In parallel with this course, I am working on my first Kaggle competition. I based my first submission off of a tutorial I found, and am now working on version two. The first tutorial used feature engineering to create a “Title” feature that ended up adding value.
In version 2, I engineered a “Deck” feature from the existing “Cabin” feature. Unfortunately, there are 1015 missing cabin entries. I decided, after some research into the ship layout, to plot the distribution of decks based on ticket class. This graphic is what I produced to visualize the relationship:
Based on this, I came up with some rough probabilities of where to fit the missing data:
# rough estimate of weights based on graph:
choice_dict = {
1: [['A', 'B', 'C', 'D', 'E'],
[.12, .22, .32, .20, .14]],
2: [['D', 'E', 'F'],
[.16, .34, .50]],
3: [['E', 'F', 'G'],
[1/3, 1/3, 1/3]]
}
And applied it like so:
for key, value in choice_dict.items():
m = (joint_df.Pclass == key) & joint_df.Deck.isnull()
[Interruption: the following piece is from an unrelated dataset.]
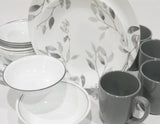 20-pc Corelle MISTY LEAVES DINNERWARE SET Plates Bowls & Mugs *Gray Grey Watercolors
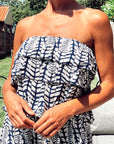 Textile print all over Cotton Playsuit in blur color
num = len(joint_df.loc[m, 'Deck'])
fill_in = np.random.choice(value[0], size=num, p=value[1])
joint_df.loc[m, 'Deck'] = fill_in
I thought I was being clever, but this caused all of my metrics to drop by about 3%. I’m just looking for some insight into why that might be. I don’t know how to ‘tune’ a model yet, so I figured my best bet for improving scores is working with the pre-processing of the data.
Any insights appreciated.